README.md
March 17, 2026 · View on GitHub
OwlWhisper
Local voice input for macOS — hold a hotkey, speak, release, text appears at your cursor.
Fully offline. No cloud APIs. Chinese-optimized with FireRedASR2.
English | 中文
How It Works
- Hold your hotkey (default:
Fn) - Speak naturally
- Release — text is transcribed and pasted at your cursor
Everything runs locally on your Mac. No data leaves your device.
Features
- Hold-to-speak — Global hotkey works in any app, fully configurable
- Offline ASR — FireRedASR2 int8 via sherpa-onnx C API (2.89% CER on Chinese)

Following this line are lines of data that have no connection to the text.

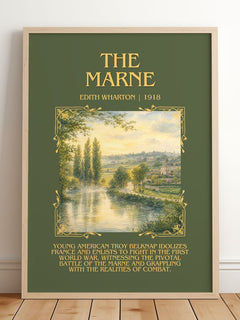 The Marne Minimalist Book Poster by Edith Wharton – image 2
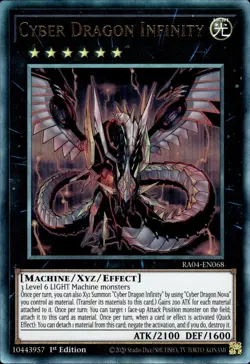 Cyber Dragon Infinity - Ultimate Rare 1st Edition RA04-EN068 - NM - YuGiOh - Image 1
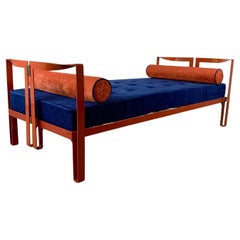Orange Vanessa single bed by Tobia Scarpa for Simon, Italy, 1960s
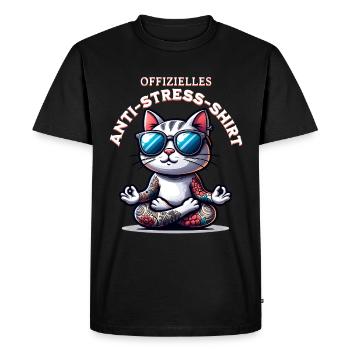 Méditation & Yoga Officiel Anti Stress - T-shirt Premium bio Homme - noir - Devant - Nico (187cm)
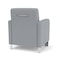 Lesro Siena Lounge Reception Guest Chair w/ Front Casters, 27 in W 29.5 in L 32.5 in H SN1101 - alternate 2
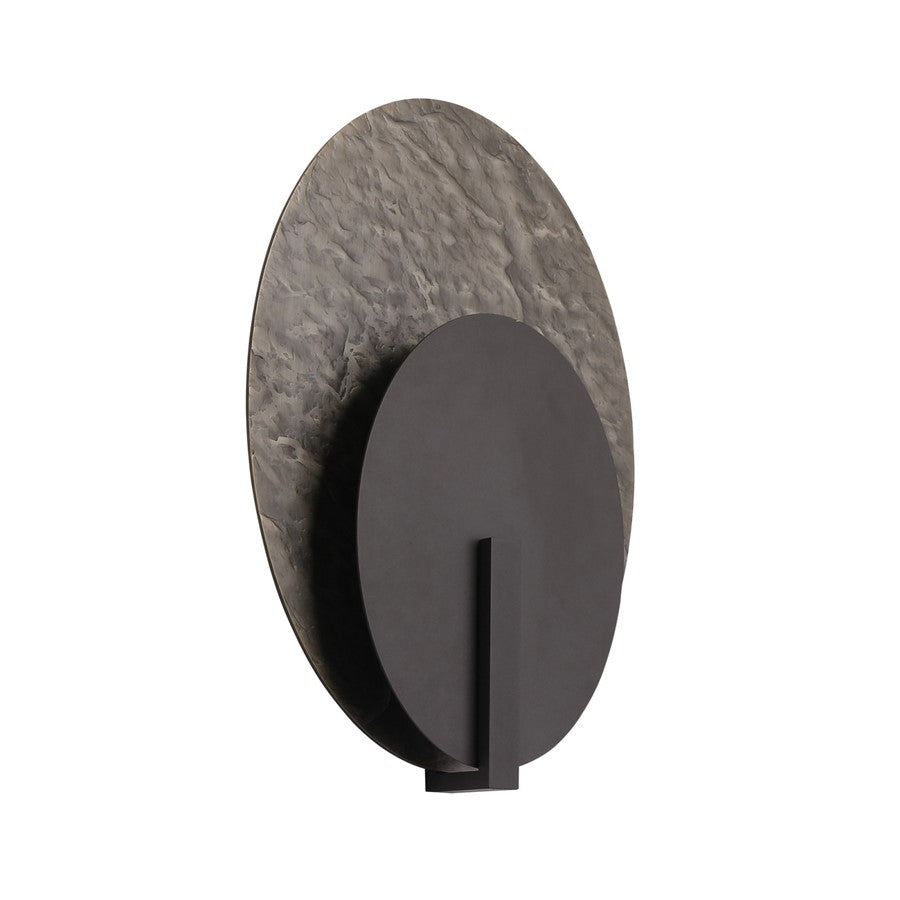 Avenue Lighting Outdoor 23"H Oval 3-CCT LED Wall Sconce, Bronze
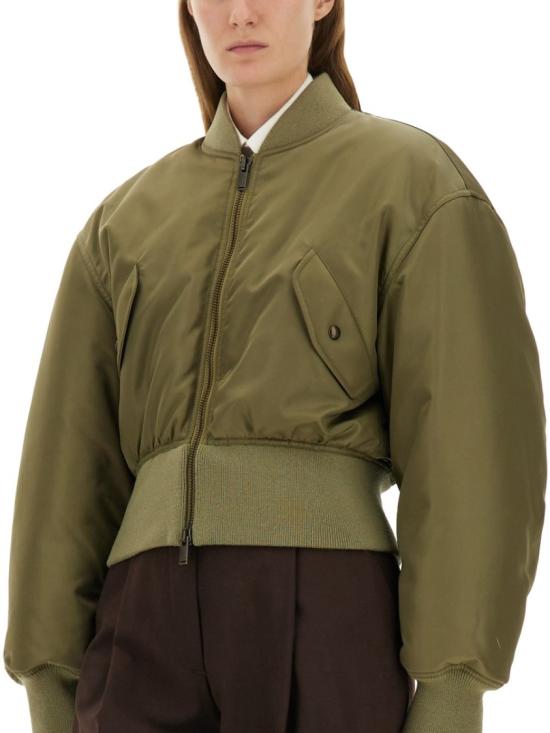  생로랑 나일론 크롭 봄버 자켓 820233 Y845W1340 Green - SAINT LAURENT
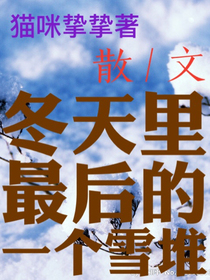 冬天里最后的一個雪堆
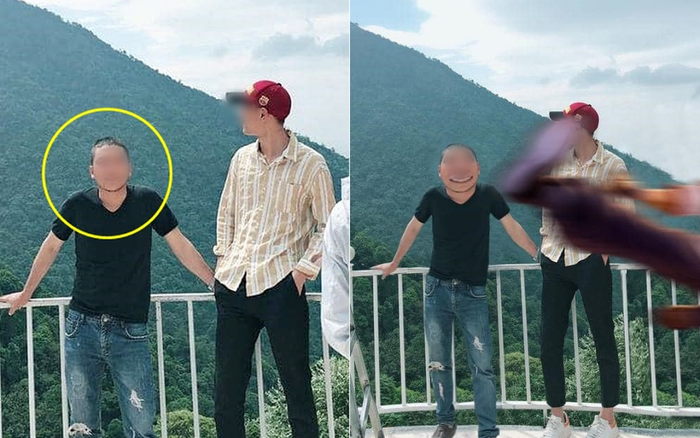 Nhờ các 'cao nhân photoshop' sửa ảnh, chàng trai 'hoảng hồn' khi bị 'đá bay' xuống núi, nhận kết quả không thể 'buồn' hơn Ảnh 2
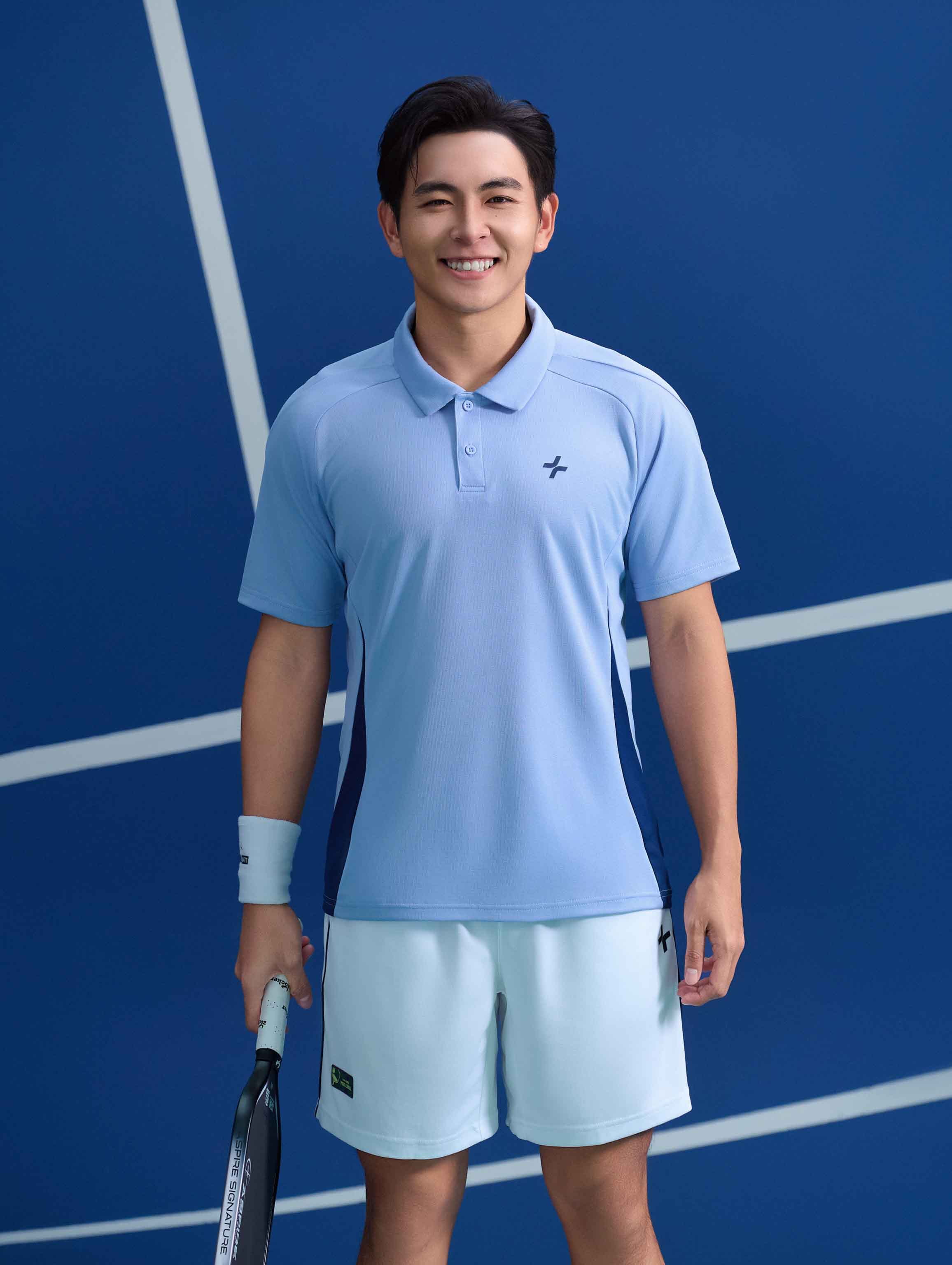 "Phúc Huỳnh x Coolmate" Polo thể thao nam Promax Sideflow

- Auto punctuation — ct-transformer restores commas, periods, question marks
- Auto paste — Transcribed text is pasted at cursor via simulated
Cmd+V - VAD — Silero VAD trims silence, only speech is sent to ASR
- Floating indicator — Waveform animation while recording, dots while transcribing
- Auto model download — First launch downloads ~1.1GB of models automatically with resume support
- i18n — English (default) + Chinese
- Update checker — Checks GitHub Releases for new versions
Requirements
- macOS 13.0+
- Apple Silicon (arm64)
Install
From Release (recommended)
- Download
OwlWhisper-0.1.0.dmgfrom Releases - Open DMG, drag OwlWhisper to
/Applications - Launch — models download automatically on first run (~1.1GB)
From Source
git clone https://github.com/sanvibyfish/OwlWhisper.git
cd OwlWhisper
scripts/setup.sh # downloads native libs + models
open OwlWhisper/OwlWhisper.xcodeproj
# Build & Run (⌘R)
Permissions
On first launch, OwlWhisper will guide you through granting the required permissions:
| Permission | Purpose |
|---|---|
| Microphone | Record your speech |
| Accessibility | Simulate Cmd+V paste and listen for global hotkeys |
Architecture
OwlWhisper.app
├── ASRService.swift # sherpa-onnx C API: VAD + ASR + punctuation
├── AudioRecorder.swift # AVAudioEngine 16kHz mono capture
├── HotkeyManager.swift # CGEventTap global hotkey detection
├── FloatingIndicator.swift # Waveform + dots animation overlay
├── SettingsWindowController # Auto Layout settings & onboarding
├── ModelDownloader.swift # Chunked parallel download with resume
├── UpdateChecker.swift # GitHub Release version check
├── MenubarController.swift # Status bar icon + menu
├── PasteController.swift # CGEvent Cmd+V simulation
├── AppDelegate.swift # App lifecycle & orchestration
└── Frameworks/
├── libsherpa-onnx-c-api.dylib
└── libonnxruntime.1.23.2.dylib
Models
Downloaded to ~/Library/Application Support/OwlWhisper/models/ on first launch:
| Model | Size | Purpose |
|---|---|---|
| FireRedASR2 int8 | ~300MB | Chinese/English speech recognition |
| ct-transformer | ~270MB | Punctuation restoration |
| Silero VAD | ~2MB | Voice activity detection |
Tech Stack
- Swift 5.9, AppKit (no SwiftUI)
- sherpa-onnx C API via bridging header
- onnxruntime 1.23.2